Fascinating essay on the interplay of economic inequality, democracy and capitalism. In order to have flourishing democracy, there is need of  interdependence among citizens but extremely rich people are not dependent on anyone thus work against social welfare of majority of the people. 

The rich may be identified by their independence from and command over others. Those two features make being rich very pleasant indeed. But they are also what make the rich bad for democracy, and indeed for capitalism. The problems I’m concerned with are not about justice. Perhaps it is unfair that some people are rich and others are poor, and perhaps it would be fairer to redistribute wealth from rich to poor, and from wealthy countries to poorer countries. But from my perspective that resembles debating the proper (re)arrangement of deck chairs. What I’m concerned with is the sinking ship - the threat the rich pose to liberalism itself by destroying its home: democratic society. Though my examples and figures are mainly taken from the American context, where the current debate about wealth inequality is most extensive, my analysis applies generally. Democracies are extended moral communities whose flourishing and indeed survival depend on the interdependence and equality of their members. The rich not only have no place in this model, but their very presence undermines it. Therefore, if we believe our democracy is worth preserving, we should offer the rich a choice: give up your money or give up your membership of our society.


Democracy and Inequality;

Democracy is fundamentally government by and for the middle-classes, the bourgeoisie. As the political scientist Barrington Moore put it succinctly, “No bourgeois, no democracy.” It is no surprise that the flourishing democratic societies of the world are all politically dominated by a middle class: middle-class circumstances are particularly amenable to the spirit of democracy (and no, India does not count as a flourishing democracy).
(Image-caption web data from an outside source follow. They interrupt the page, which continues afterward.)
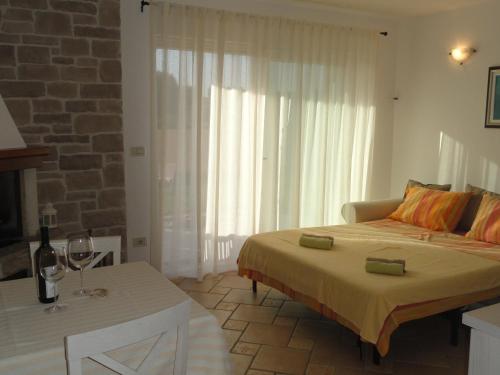 Postel nebo postele na pokoji v ubytování Apartment Lorenzo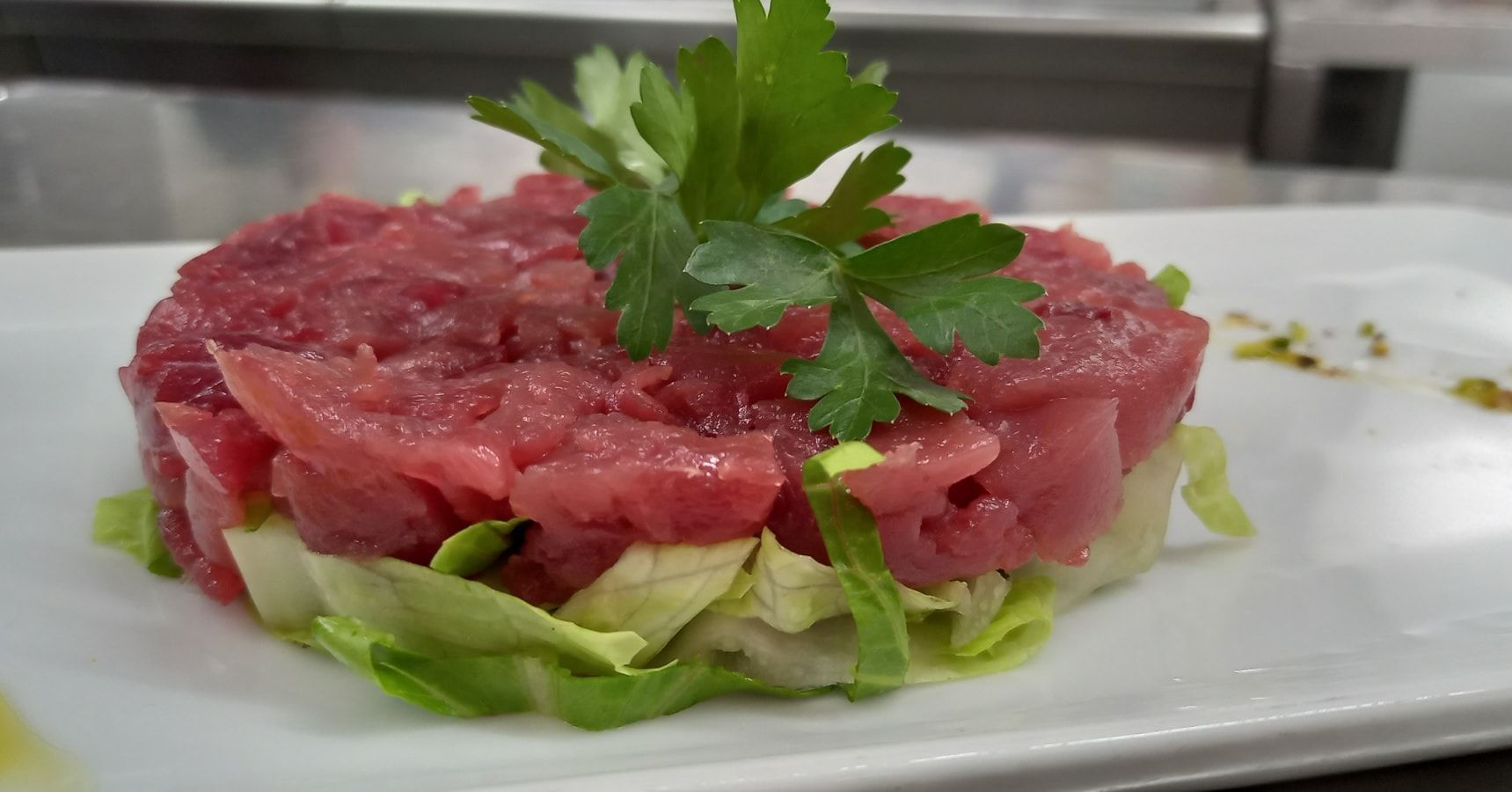 Un piatto bianco sormontato da un pezzo di carne e lattuga.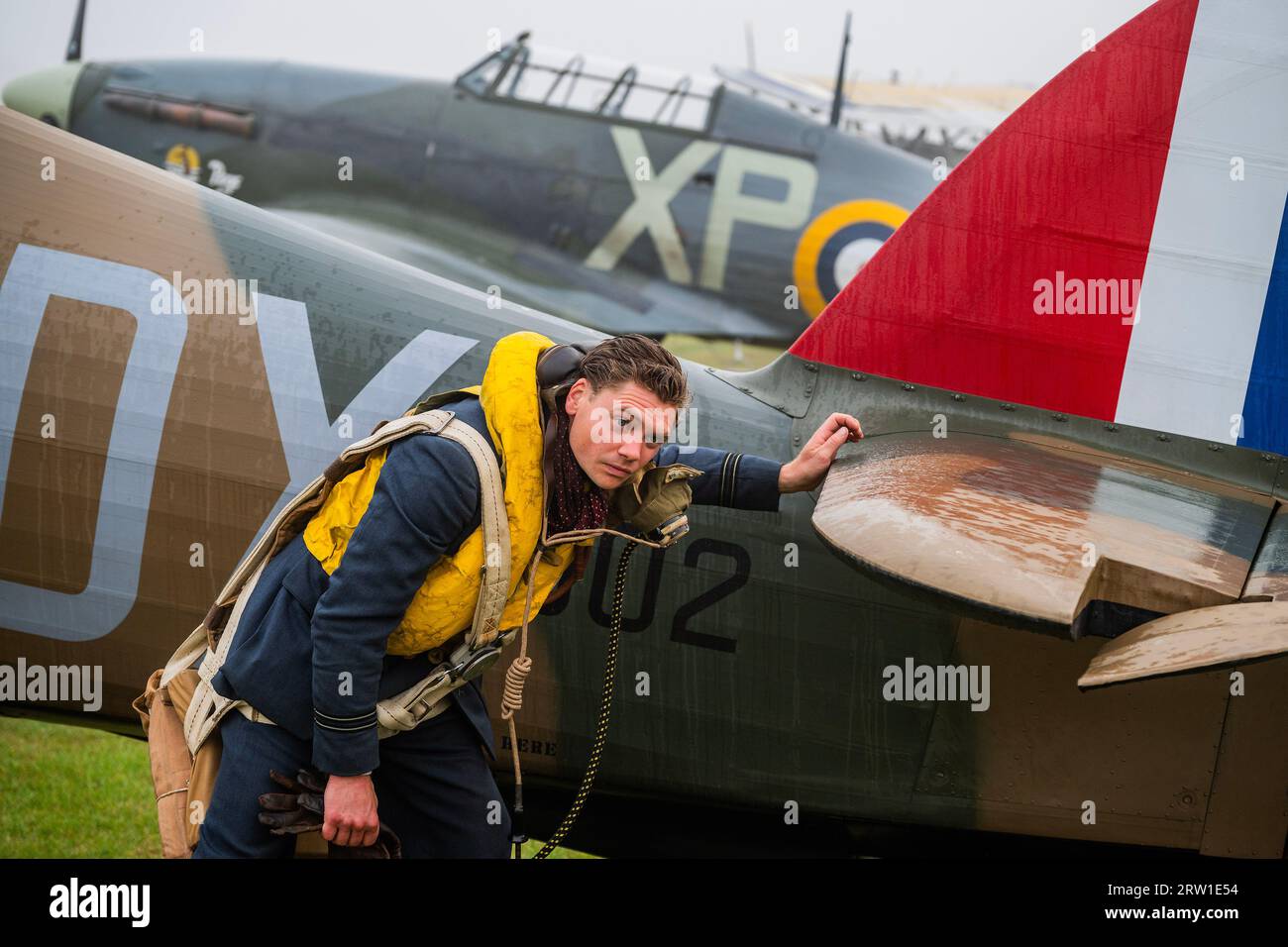 Duxford, UK. 16th Sep, 2023. Spirit of Britain living history re-enactors drive out on the flight line and make final inspections of a Hurricane - The Duxford Battle of Britain Air Show at the Imperial War Museum (IWM) Duxford. Credit: Guy Bell/Alamy Live News Stock Photo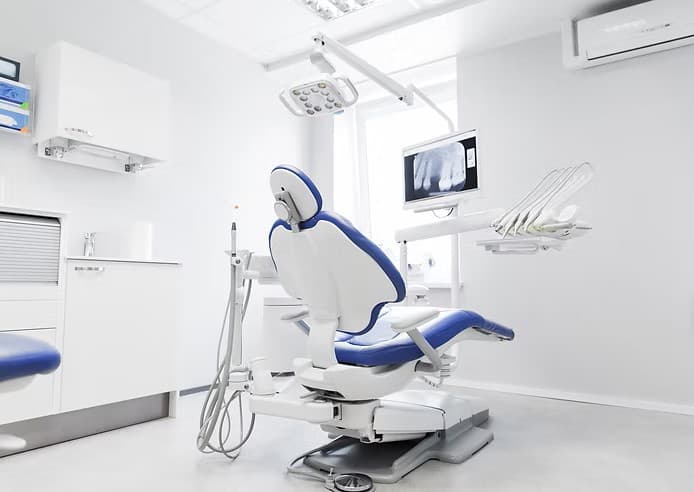 Modern dental clinic interior with a blue chair, overhead lamp, and digital X-ray display.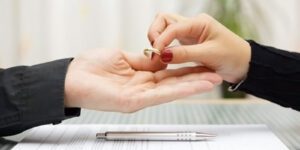 Image of a woman handing her wedding ring to a man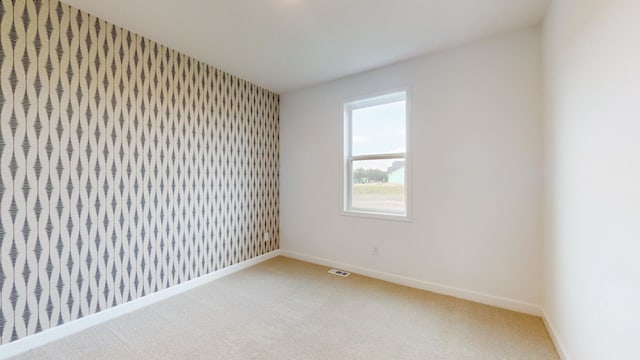 spare room featuring wallpapered walls, light colored carpet, and baseboards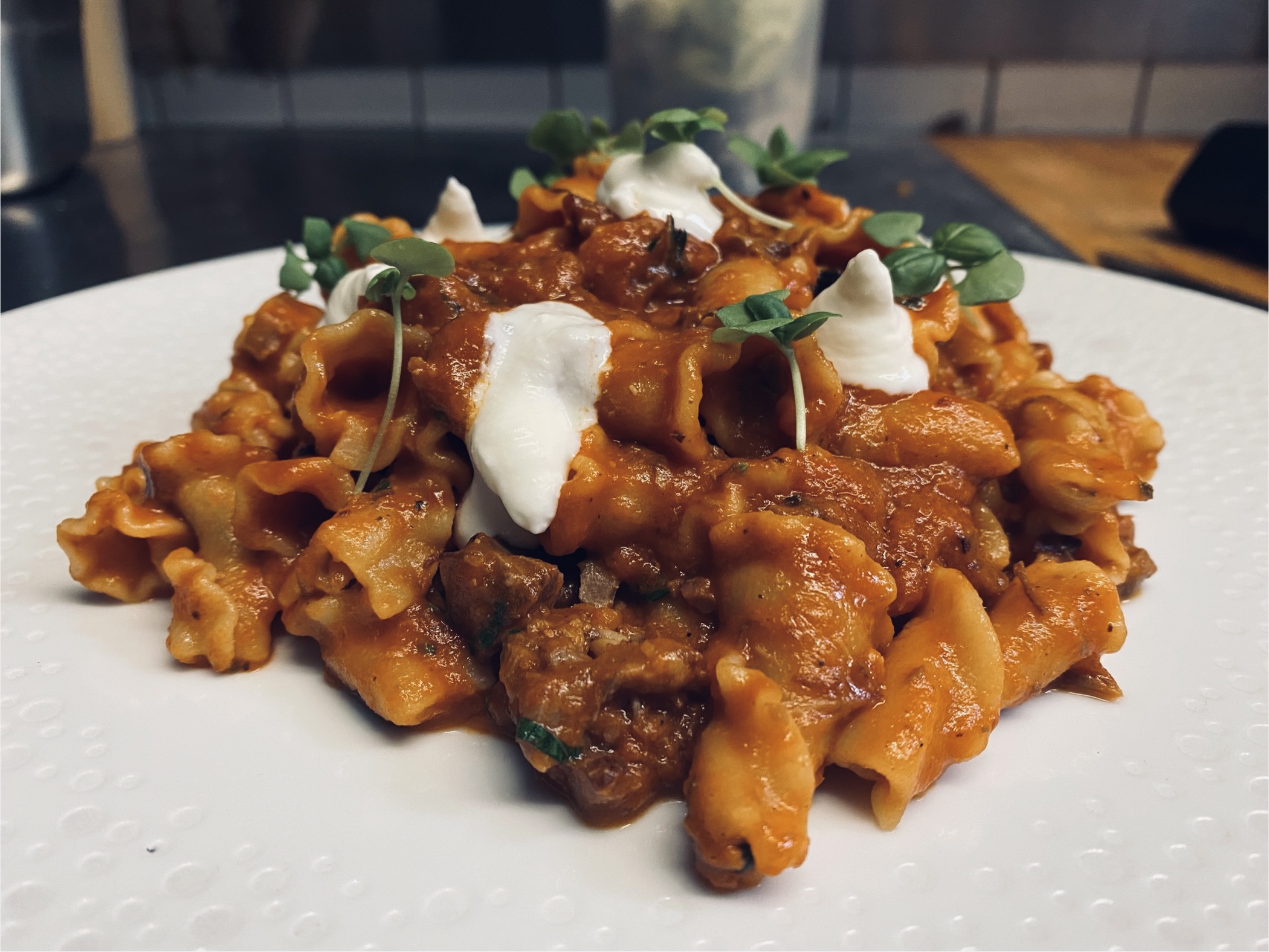 Beef bolognese with burrata prepared for in-home dining in New York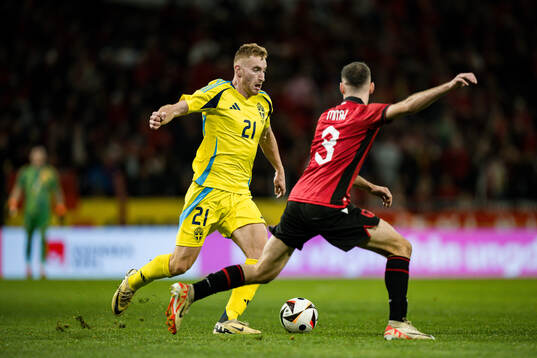 Dejan Kulusevski of Sweden and Mario Mitaj of Albania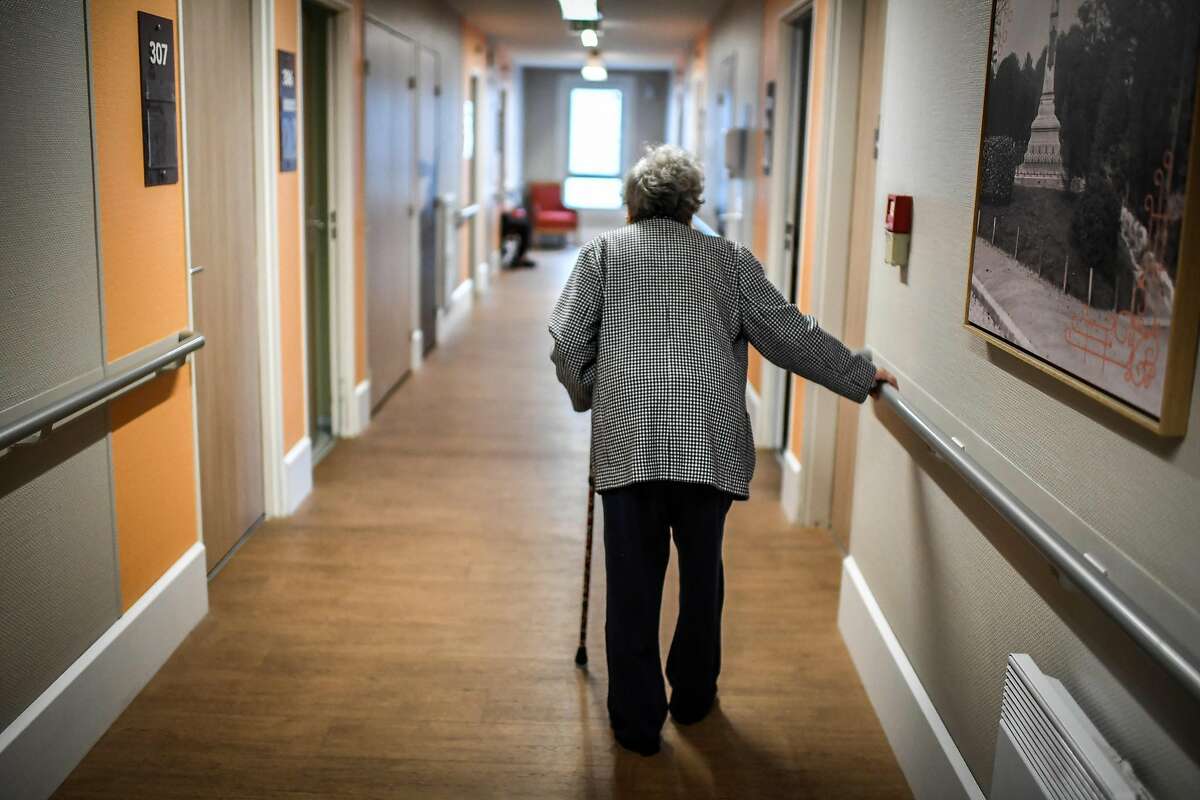 An elderly resident walks in a corridor on July 5, 2018, in an establishment of accommodation for dependent old persons (EHPAD) in Paris. / AFP PHOTO / STEPHANE DE SAKUTINSTEPHANE DE SAKUTIN/AFP/Getty Images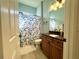 Clean bathroom with granite vanity and shower/tub combo at 7709 River Preserve Dr, Bradenton, FL 34212
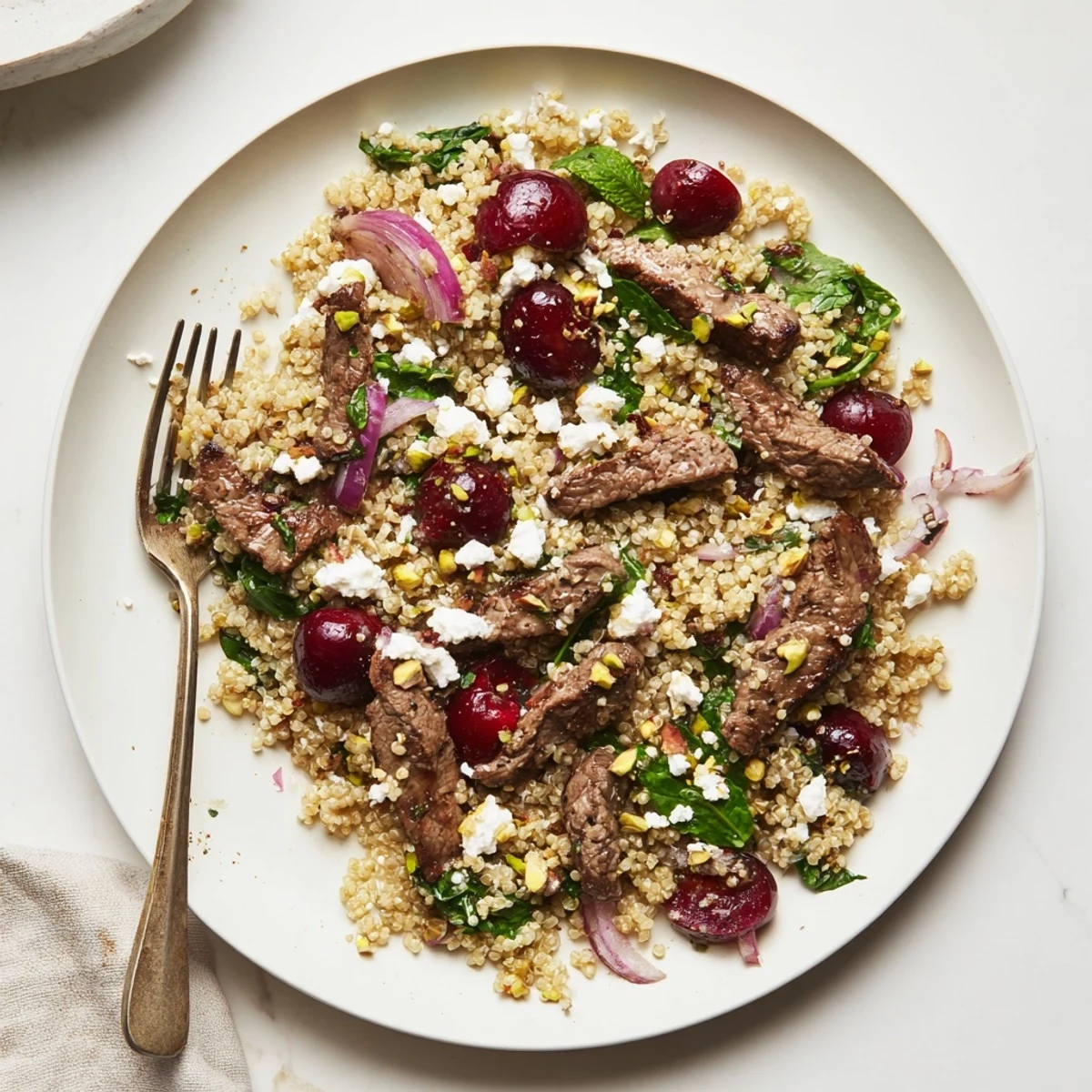 Colorful cherry quinoa salad with lamb topped with crumbled feta and fresh herbs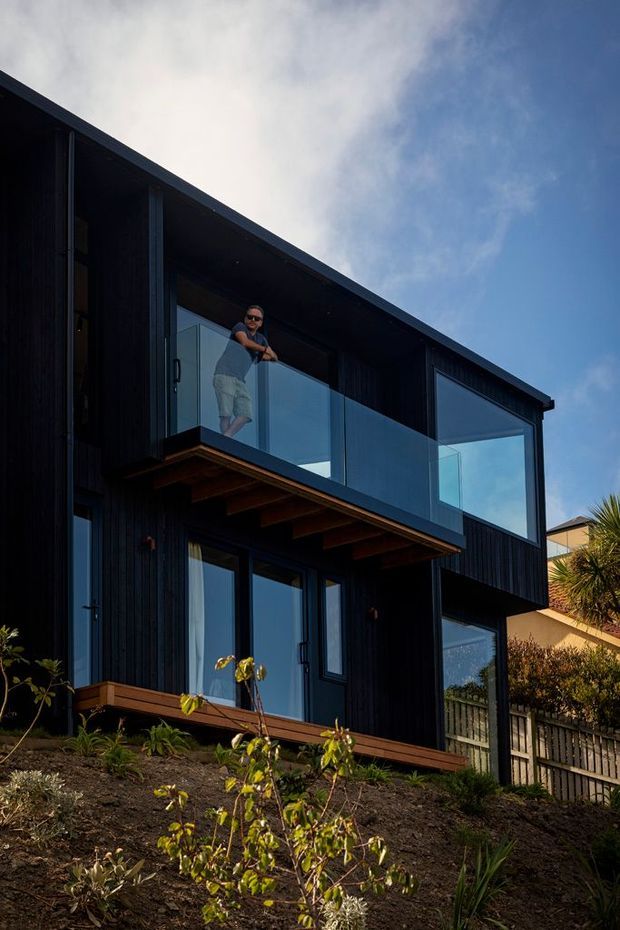 Exterior view of a contemporary two-storey house on a sloping site, featuring dark vertical cladding, extensive glazing, a projecting upper-level balcony with glass balustrade, exposed timber beams beneath the balcony, and a simple low-pitched roofline. Native-style planting and fencing surround the building.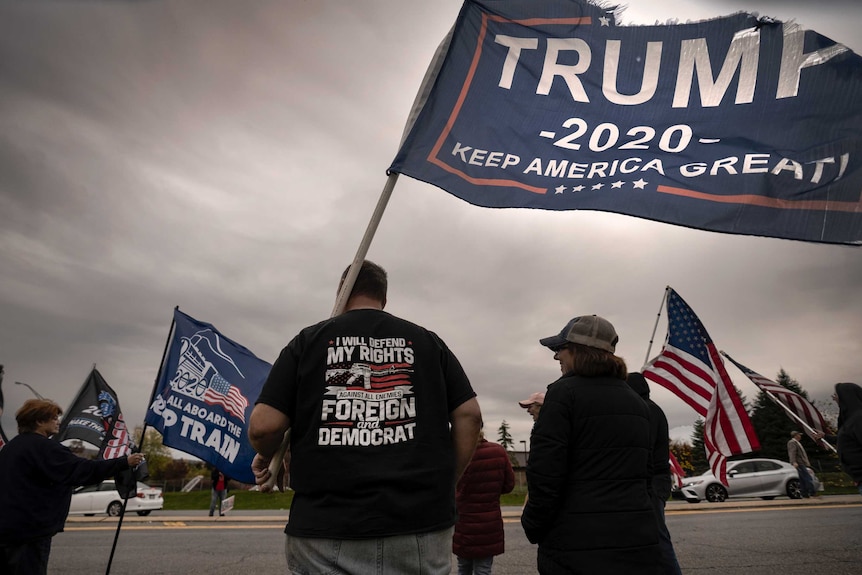 A man holding a Trump campaign flag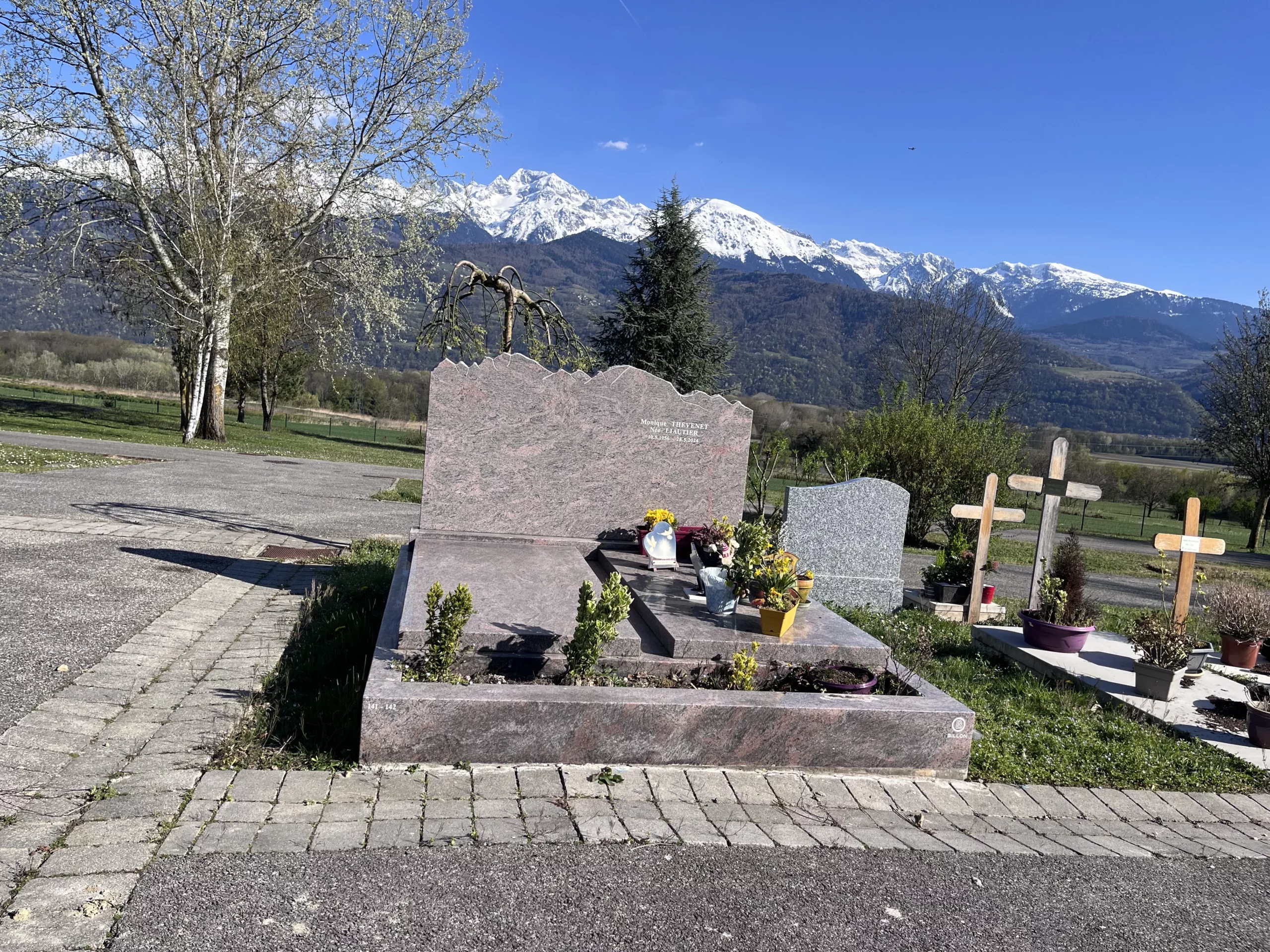 Monument funéraire en granit érigé dans un cimetière paysager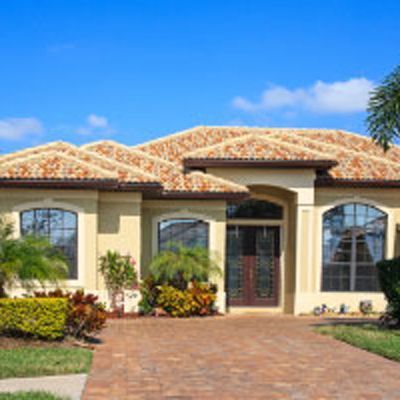 A house with palm trees in front of it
The bourgeoisie live in circumstances of moderate abundance: neither so poor as to be utterly dominated by circumstances or powerful persons, nor so well-off as to be free from inter-dependence on the goodwill of other people for success. This is the sweet spot of sufficient independence to think for oneself, and sufficient inter-dependence to be sensitive to the interests and concerns of other people, that cultivates the civic habits and dispositions on which a flourishing democratic polity depends.
A democratic society is organic, not a construct of high theory. Its heart is equality of political status, which sounds like it’s only worth the paper it’s written on, but which is actually all about the freedom of all from domination, whether by government or other people. A real democracy must pass what the political philosopher Philip Pettit calls the ‘eye test’: Is every person free to look any other in the eye, without fear and trembling?
The brain of a democracy is its ability to make legitimate collective choices in a way that everyone accepts even when they disagree about the conclusions. Again, that sounds like an abstract adding machine (and social choice theorists’ terminology doesn’t help). But actually it’s about community and common sense. The brain works so long as everyone recognises that we are all in this together, and that we have a shared interest in and commitment to making things better for everyone, even though we disagree about how to do so. The members of a bourgeois society have an orientation to co-operation, even with those we disagree with, because we are fixed in relations of interdependence with each other and have no choice but to try to make this society work.
So what’s the problem with the rich? Their circumstances of life are distinctly different from the bourgeoisie. At the extreme, the combined assets of Wal-Mart’s Walton family have been calculated to be equal to that of the bottom 150 million Americans. That changes them and their relationship to the rest of us
Capitalism
It is sometimes thought that the rich are necessary to the flourishing of capitalism, that because they have more wealth than they need for their own consumption it is their investment of capital that makes the economy spin faster and creates jobs.  (Indeed, in Americathe richest 10% of familiesown 85% of all outstanding stocks, 85% of all financial securities, and 90% of all business assets.) But in fact the relationship is rather the other way around. The more important ‘capitalists’ are in an economy, the less efficient it becomes.
Although a free market economy generates inequality, that is a by-product, not its function. Flourishing capitalism generates prosperity for a society as a whole by requiring genuine competition between producers. Just as athletes who are genuinely competing will give everything they can to run as fast as possible (for the amusement of the crowd) and abstain from either collusion with other runners or sabotage of other athletes’ performance, so is genuine capitalism a demanding task-master with no quarter for slackers. Capitalism characterised by genuine competition creates new wealth by incentivising innovation and imitation, and by allocating resources efficiently to the parts of the economy where they can be most productively employed. Competition also leads to the transfer of that new wealth to consumers, because prices (and hence profits) are driven down to just above the real costs of production by the competition for sales.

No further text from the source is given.